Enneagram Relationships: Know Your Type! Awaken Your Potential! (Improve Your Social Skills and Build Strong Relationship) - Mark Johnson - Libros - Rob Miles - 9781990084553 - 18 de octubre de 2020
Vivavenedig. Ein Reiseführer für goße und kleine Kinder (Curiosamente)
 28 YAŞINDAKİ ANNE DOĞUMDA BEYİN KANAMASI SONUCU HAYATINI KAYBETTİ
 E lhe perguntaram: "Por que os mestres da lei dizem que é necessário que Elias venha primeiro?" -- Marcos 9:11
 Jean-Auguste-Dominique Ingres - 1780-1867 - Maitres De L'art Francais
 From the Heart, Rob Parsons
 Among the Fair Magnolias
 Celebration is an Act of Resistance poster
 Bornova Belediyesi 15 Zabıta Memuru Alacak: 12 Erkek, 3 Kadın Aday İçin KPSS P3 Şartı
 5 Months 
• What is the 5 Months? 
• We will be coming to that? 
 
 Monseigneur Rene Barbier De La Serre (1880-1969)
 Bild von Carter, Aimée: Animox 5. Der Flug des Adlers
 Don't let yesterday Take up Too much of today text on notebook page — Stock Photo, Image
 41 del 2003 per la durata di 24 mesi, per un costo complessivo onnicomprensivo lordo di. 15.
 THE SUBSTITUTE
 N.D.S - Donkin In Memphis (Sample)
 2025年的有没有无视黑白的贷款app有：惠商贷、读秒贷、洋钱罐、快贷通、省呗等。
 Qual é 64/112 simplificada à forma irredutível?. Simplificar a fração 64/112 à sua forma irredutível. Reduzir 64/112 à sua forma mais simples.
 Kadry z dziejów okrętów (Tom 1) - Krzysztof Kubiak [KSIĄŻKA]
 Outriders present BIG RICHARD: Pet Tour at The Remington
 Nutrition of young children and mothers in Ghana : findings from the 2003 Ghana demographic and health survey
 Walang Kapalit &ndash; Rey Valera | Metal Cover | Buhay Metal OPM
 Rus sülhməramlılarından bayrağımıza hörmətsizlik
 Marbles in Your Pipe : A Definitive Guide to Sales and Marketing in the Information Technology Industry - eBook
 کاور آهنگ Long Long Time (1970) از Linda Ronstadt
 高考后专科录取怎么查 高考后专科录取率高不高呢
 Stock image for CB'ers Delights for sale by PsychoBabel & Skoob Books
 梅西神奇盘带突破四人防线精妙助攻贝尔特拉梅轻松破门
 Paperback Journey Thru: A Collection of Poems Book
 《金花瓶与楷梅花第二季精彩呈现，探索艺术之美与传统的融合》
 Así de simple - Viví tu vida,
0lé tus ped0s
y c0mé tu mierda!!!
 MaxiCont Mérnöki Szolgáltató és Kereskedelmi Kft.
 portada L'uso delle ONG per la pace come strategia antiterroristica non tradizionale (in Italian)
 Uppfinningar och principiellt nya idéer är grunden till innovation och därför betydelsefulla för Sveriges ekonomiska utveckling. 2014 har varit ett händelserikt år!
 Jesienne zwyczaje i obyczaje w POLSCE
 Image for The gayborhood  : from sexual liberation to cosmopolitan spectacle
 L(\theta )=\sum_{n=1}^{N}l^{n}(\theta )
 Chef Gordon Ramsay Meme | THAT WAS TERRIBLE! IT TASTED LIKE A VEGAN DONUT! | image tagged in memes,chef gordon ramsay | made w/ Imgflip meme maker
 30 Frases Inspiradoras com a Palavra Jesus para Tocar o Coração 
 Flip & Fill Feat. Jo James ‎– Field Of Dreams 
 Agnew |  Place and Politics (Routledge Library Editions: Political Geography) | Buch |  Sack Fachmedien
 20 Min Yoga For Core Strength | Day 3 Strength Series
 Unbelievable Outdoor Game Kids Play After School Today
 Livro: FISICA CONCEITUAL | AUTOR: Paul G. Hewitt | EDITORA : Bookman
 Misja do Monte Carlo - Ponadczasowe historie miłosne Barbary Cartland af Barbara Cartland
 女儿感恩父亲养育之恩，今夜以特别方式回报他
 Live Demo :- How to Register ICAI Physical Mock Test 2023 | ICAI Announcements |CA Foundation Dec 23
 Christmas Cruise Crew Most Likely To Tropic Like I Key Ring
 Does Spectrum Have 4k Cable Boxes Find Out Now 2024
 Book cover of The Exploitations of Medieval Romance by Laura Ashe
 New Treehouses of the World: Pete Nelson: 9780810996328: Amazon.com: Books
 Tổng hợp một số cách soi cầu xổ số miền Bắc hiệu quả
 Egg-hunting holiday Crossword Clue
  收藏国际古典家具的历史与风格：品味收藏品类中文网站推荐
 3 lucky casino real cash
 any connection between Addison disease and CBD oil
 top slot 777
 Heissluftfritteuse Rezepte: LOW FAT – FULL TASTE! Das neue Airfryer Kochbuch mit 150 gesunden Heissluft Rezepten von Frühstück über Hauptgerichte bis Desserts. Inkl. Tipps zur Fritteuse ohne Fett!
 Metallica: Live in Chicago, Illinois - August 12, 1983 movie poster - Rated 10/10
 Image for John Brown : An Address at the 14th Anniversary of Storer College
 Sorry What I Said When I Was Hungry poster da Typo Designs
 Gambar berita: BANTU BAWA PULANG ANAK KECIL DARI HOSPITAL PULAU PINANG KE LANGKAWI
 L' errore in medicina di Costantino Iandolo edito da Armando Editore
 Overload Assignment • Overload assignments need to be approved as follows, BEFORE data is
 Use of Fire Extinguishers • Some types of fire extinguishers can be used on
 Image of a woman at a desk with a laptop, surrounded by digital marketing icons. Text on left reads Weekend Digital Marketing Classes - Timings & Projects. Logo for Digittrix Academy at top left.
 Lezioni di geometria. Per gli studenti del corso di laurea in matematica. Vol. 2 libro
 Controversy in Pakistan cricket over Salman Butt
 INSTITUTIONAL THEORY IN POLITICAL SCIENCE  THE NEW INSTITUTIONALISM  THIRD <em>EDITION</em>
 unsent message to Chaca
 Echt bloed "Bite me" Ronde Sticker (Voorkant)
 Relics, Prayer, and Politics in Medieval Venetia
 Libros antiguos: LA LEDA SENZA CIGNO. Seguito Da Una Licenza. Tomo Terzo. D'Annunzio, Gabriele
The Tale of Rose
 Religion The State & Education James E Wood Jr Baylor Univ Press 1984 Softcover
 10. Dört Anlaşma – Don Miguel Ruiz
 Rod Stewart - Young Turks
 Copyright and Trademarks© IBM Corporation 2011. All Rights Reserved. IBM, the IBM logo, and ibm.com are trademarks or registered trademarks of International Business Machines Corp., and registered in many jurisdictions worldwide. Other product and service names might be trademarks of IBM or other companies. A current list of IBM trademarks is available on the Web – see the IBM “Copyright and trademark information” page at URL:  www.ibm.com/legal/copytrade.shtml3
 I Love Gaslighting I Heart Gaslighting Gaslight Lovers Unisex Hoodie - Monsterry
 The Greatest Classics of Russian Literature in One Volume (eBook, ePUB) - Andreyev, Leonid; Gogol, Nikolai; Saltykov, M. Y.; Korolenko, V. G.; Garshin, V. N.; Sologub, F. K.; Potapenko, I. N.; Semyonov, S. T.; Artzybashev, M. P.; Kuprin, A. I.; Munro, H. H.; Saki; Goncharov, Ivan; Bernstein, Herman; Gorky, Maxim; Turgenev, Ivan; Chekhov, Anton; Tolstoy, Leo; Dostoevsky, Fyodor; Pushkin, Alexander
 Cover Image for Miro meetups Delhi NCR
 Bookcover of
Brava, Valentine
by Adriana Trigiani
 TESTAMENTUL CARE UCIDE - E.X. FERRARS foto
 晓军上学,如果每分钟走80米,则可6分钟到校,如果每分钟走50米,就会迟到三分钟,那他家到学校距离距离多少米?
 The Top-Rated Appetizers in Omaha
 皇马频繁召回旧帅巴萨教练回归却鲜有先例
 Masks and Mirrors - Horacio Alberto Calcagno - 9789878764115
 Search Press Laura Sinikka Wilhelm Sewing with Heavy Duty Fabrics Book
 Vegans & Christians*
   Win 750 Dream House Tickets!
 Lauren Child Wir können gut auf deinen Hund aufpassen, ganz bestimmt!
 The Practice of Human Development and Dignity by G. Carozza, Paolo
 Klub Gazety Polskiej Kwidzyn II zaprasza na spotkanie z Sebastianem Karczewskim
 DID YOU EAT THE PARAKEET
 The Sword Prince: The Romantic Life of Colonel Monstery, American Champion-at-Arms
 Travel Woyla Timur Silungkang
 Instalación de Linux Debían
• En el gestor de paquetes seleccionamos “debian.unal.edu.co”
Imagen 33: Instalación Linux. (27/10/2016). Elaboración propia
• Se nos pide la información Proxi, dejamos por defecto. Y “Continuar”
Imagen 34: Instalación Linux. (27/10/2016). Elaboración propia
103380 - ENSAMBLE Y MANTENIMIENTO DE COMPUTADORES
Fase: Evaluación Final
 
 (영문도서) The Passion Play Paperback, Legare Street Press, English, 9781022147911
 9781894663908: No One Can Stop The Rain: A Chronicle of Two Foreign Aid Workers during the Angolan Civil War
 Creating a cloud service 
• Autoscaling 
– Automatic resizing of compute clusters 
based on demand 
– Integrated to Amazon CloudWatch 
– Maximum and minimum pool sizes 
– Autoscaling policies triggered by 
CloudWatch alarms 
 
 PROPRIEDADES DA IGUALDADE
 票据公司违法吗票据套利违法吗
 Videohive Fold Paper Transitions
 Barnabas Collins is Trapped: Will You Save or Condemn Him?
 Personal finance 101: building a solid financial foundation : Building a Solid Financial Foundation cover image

- _Activity_: Copy the lines that hold the word "Medieval". Take them from the records above.

- _Task result_:
 Book cover of The Exploitations of Medieval Romance by Laura Ashe
 Relics, Prayer, and Politics in Medieval Venetia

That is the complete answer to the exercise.